▶ **Exercise**
Please print exactly the lines from the line containing "Andes Crème de" through the end of the data, no more, and keep pictures out of the copy.

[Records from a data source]
_ _ _
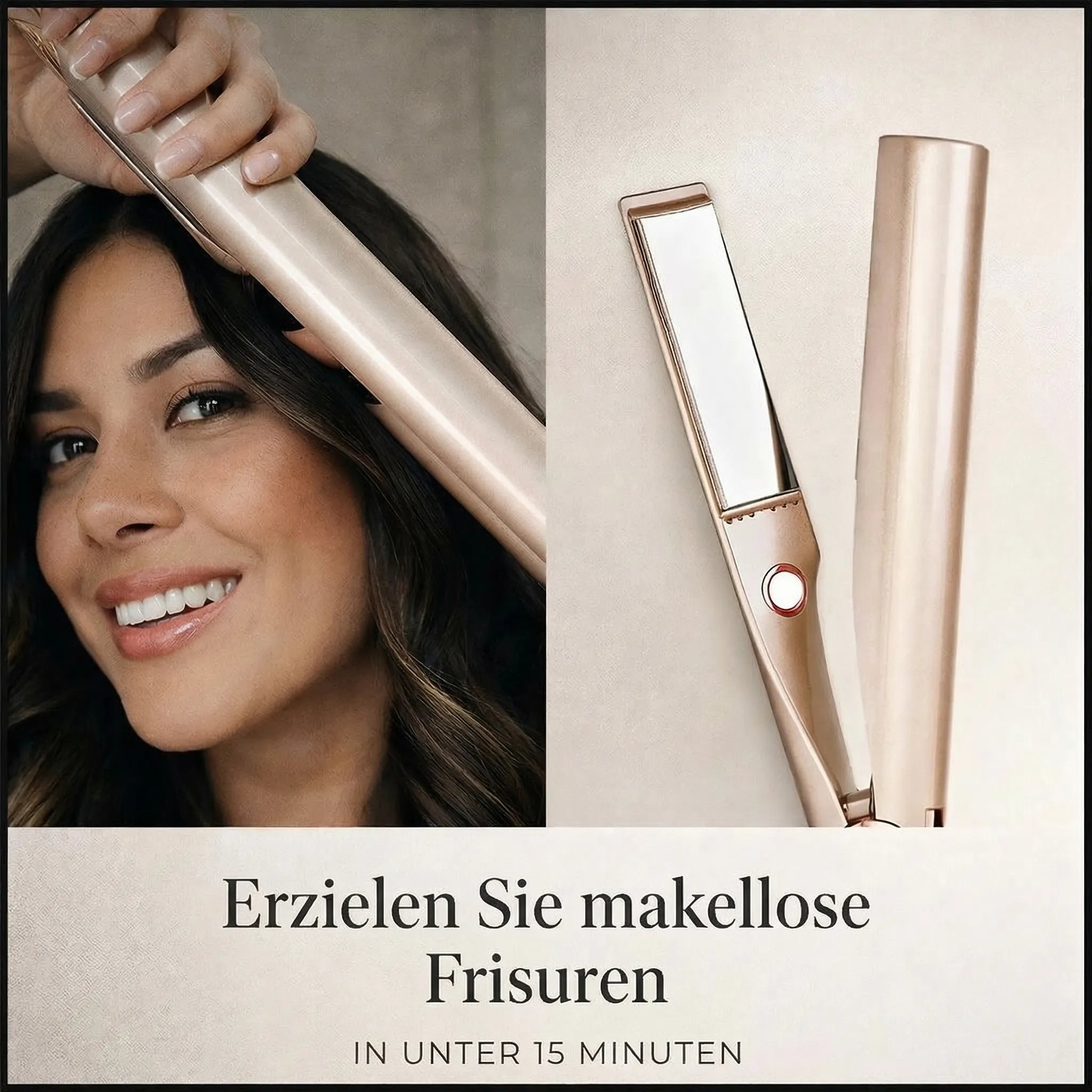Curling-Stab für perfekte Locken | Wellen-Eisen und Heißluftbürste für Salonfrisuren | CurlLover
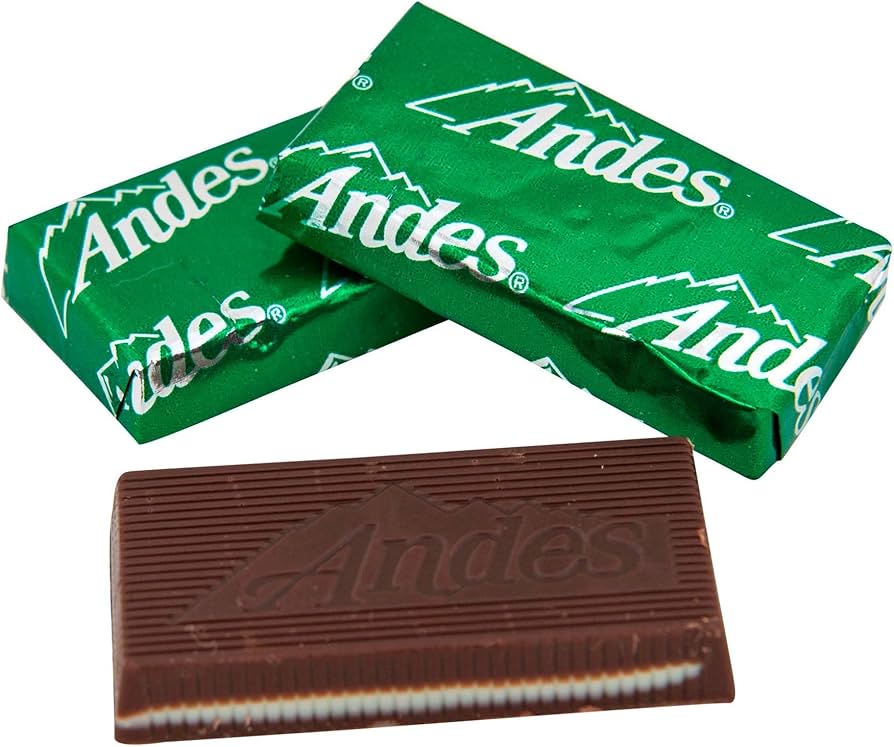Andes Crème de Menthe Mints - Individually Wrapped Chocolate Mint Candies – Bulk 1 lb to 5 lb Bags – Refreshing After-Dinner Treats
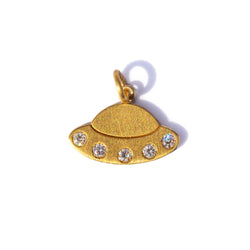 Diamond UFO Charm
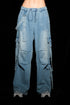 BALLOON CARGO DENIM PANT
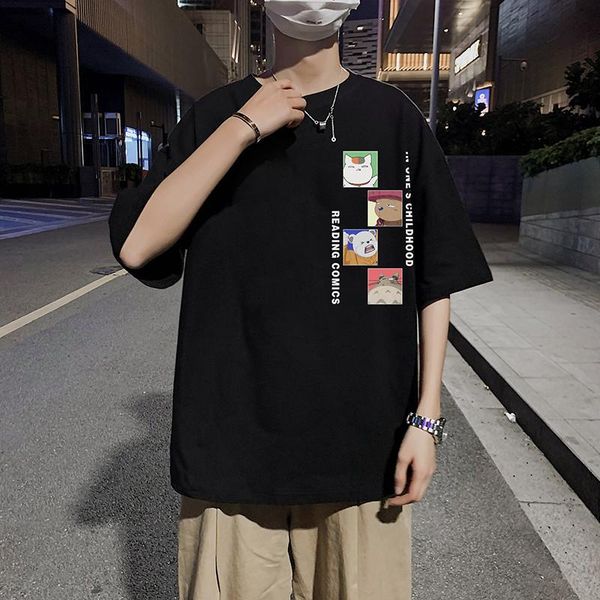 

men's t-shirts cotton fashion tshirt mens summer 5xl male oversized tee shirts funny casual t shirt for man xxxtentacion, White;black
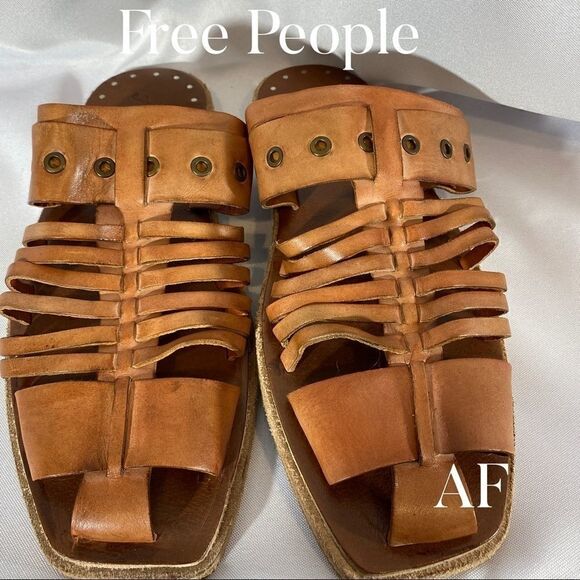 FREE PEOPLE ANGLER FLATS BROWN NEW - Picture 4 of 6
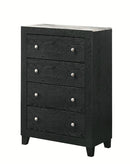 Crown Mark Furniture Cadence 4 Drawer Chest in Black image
_ _ _
▶ **Result**
Andes Crème de Menthe Mints - Individually Wrapped Chocolate Mint Candies – Bulk 1 lb to 5 lb Bags – Refreshing After-Dinner Treats
 Diamond UFO Charm
 BALLOON CARGO DENIM PANT

men's t-shirts cotton fashion tshirt mens summer 5xl male oversized tee shirts funny casual t shirt for man xxxtentacion, White;black
 FREE PEOPLE ANGLER FLATS BROWN NEW - Picture 4 of 6
 Crown Mark Furniture Cadence 4 Drawer Chest in Black image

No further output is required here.